U.S. Automakers Double Down on Trucks & SUVs, Despite Talk of a Cleaner Future

The automakers say they’re headed for an all-electric future and they want fuel economy standards, but their assembly lines tell a different story.


General Motors CEO Mary Barra, along with the chief executives of Ford and Fiat Chrysler, met with President Trump at the White House in January 2017 to discuss U.S. auto emissions standards. (Credit: Saul Loeb/Getty Images) Click to Enlarge.
A year ago, General Motors laid out a bold vision for a transition to a zero-emissions future.  It announced plans for 20 new electric vehicle models by 2023, and CEO Mary Barra wrote:  "Our generation has the ambition, the talent and the technology to realize the safer, better and more sustainable world we want."

But in the U.S. market, GM was aggressively transforming its product line for something else—it was scaling back on cars and doubling down on higher-emissions pickup trucks and sport utility vehicles.

SUVs and other light trucks now make up more than three-quarters of GM's passenger vehicle sales in the U.S., up from less than 60 percent five years ago.  The majority of the 20 planned electric car models are destined for China, where the government has new EV mandates.  The company has announced no plans for electric versions of any of the big vehicles that are its best sellers in the U.S.

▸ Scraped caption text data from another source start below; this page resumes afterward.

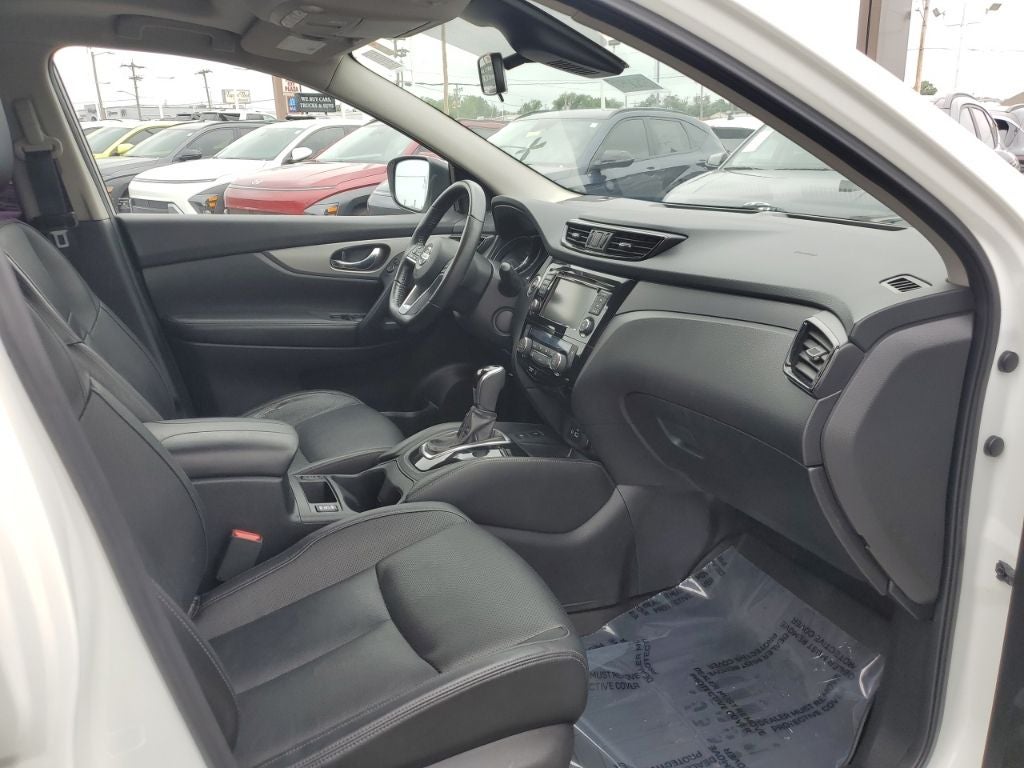 2020 Nissan Rogue Sport SL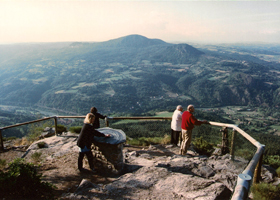 Vue_d'ensemble_de_la_table_de_Gerbizon,_Chamalières
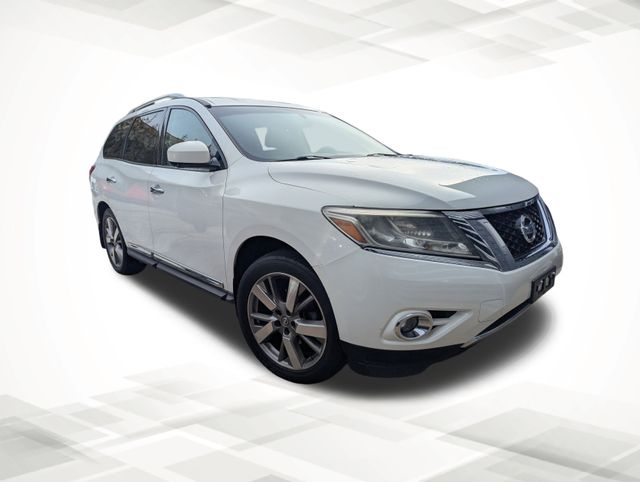 2014 Nissan Pathfinder Platinum photo 2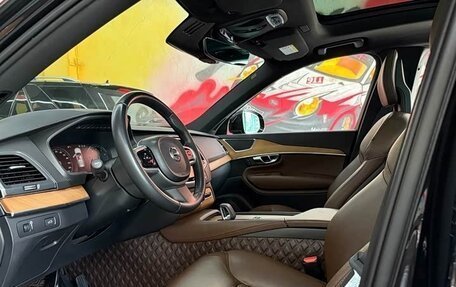 Volvo XC90 II рестайлинг, 2022 год, 3 650 000 рублей, 8 фотография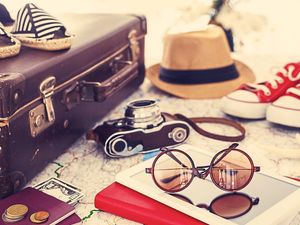 Supporting image for story: Holiday packing: Get on the suit-case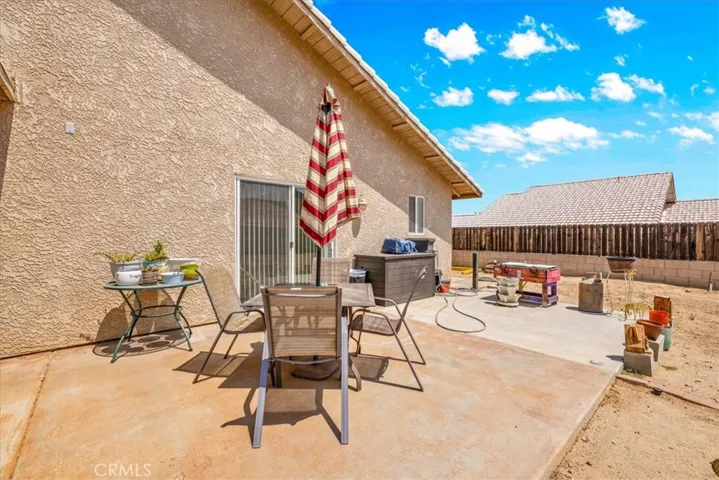 8593 Golden Meadow Drive, Yucca Valley, California 92284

"We have ... successfully transitioned to a crossover- and truck-focused business," Kurt McNeil, U.S. vice president of Sales Operations said in a statement to investors early this year.

GM is not alone.  All of the Big Three automakers—GM, Ford, and Fiat Chrysler—have shifted toward big, heavy vehicles that drink more fuel per mile.  In fact, they were in last place for fuel economy among the 13 automakers selling in the U.S. market, according to the EPA's most recent annual fuel economy trends report.

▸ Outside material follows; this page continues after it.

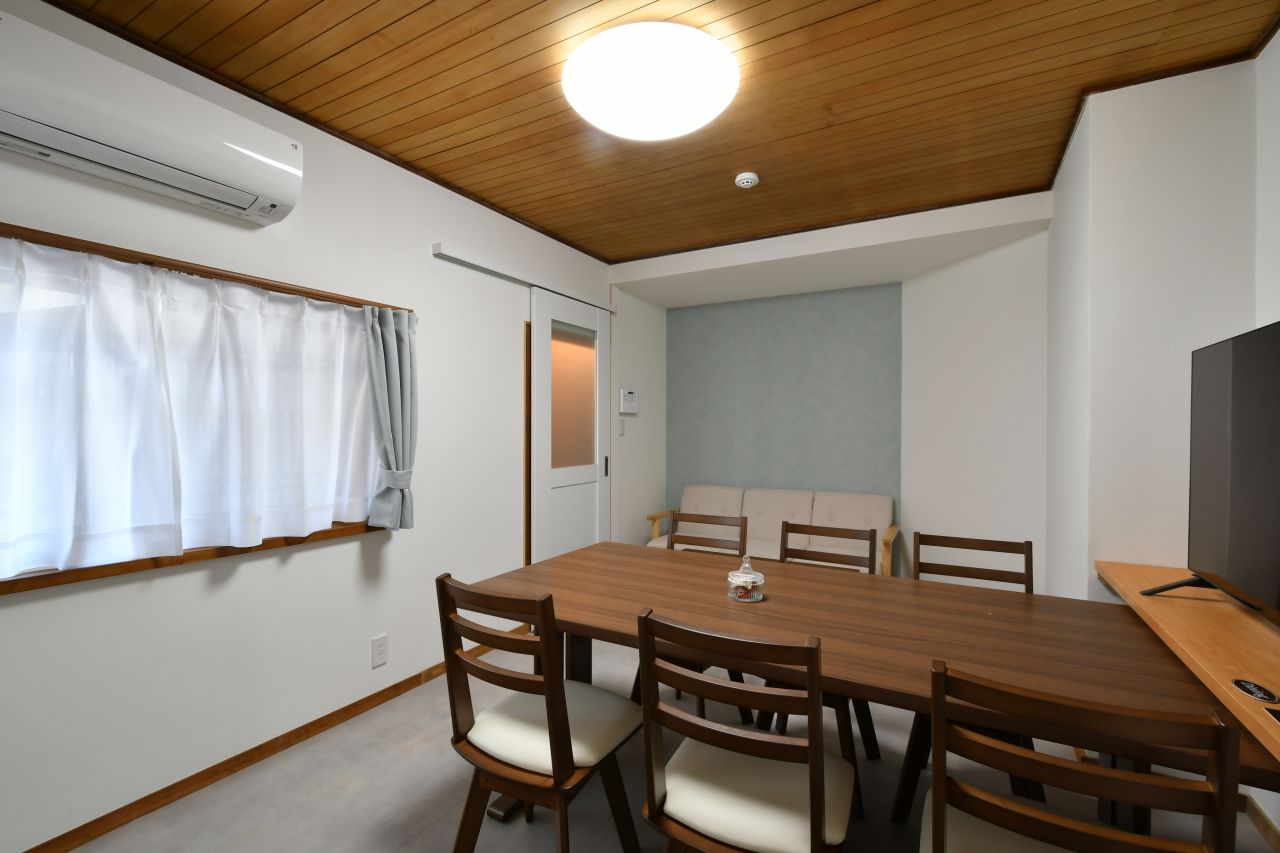 リビングの様子3。(2023-03-08,共用部,LIVINGROOM,1F)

It's an ominous development for climate change, since gasoline is the largest contributor to carbon emissions in transportation—the nation's biggest source of planet-warming greenhouse gases.

It also helps explains why automakers sought President Donald Trump's help in easing the fuel economy and greenhouse gas emissions standards that they had agreed to as part of the 2009 economic bailout.  Trump went farther than the automakers had in mind, however, and he now plans to freeze the standards and abandon the goal of a more than 50 mpg average for the U.S. vehicle fleet, undoing what would be one of the largest steps any nation has taken on climate change.

Relatively low gas prices have helped drive the trend, as consumers are less concerned about the cost of gas guzzlers when fuel prices are low.

But automakers, who make higher profits on pickup trucks and SUVs, have also stoked those sales with marketing muscle and retooled line-ups.  The manufacturers' all-important quarterly earnings have been bolstered as a result.

Advocates of tougher fuel economy standards argue that U.S. automakers are careening down the same risky road they have driven in the past—relying too heavily on vehicles that will be less attractive to consumers when gas prices are high again.

"The American manufacturers haven't figured out how to make money on cars," said Daniel Becker, executive director of the Safe Climate Campaign.  "They only make money on pickup trucks and SUVs.  So they are seizing on temporarily low gas prices and ... politicians like Trump to shift production to the most profitable vehicles they make."

"The number one problem with that is climate," he said.  "But it also will result in the downfall of the American auto industry in a few years when gas prices go back up and they will have gotten out of the business of making cars."